- [What you need to do]:
Copy each line from the records below in which the word "with" is found.
Available data START
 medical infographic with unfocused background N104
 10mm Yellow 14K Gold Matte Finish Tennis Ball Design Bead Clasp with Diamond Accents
Available data END
Available data START
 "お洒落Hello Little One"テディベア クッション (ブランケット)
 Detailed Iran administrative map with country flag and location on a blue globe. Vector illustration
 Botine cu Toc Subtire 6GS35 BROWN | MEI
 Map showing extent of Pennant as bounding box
Available data END
- [Expected answer]:
 medical infographic with unfocused background N104
 10mm Yellow 14K Gold Matte Finish Tennis Ball Design Bead Clasp with Diamond Accents
 Detailed Iran administrative map with country flag and location on a blue globe. Vector illustration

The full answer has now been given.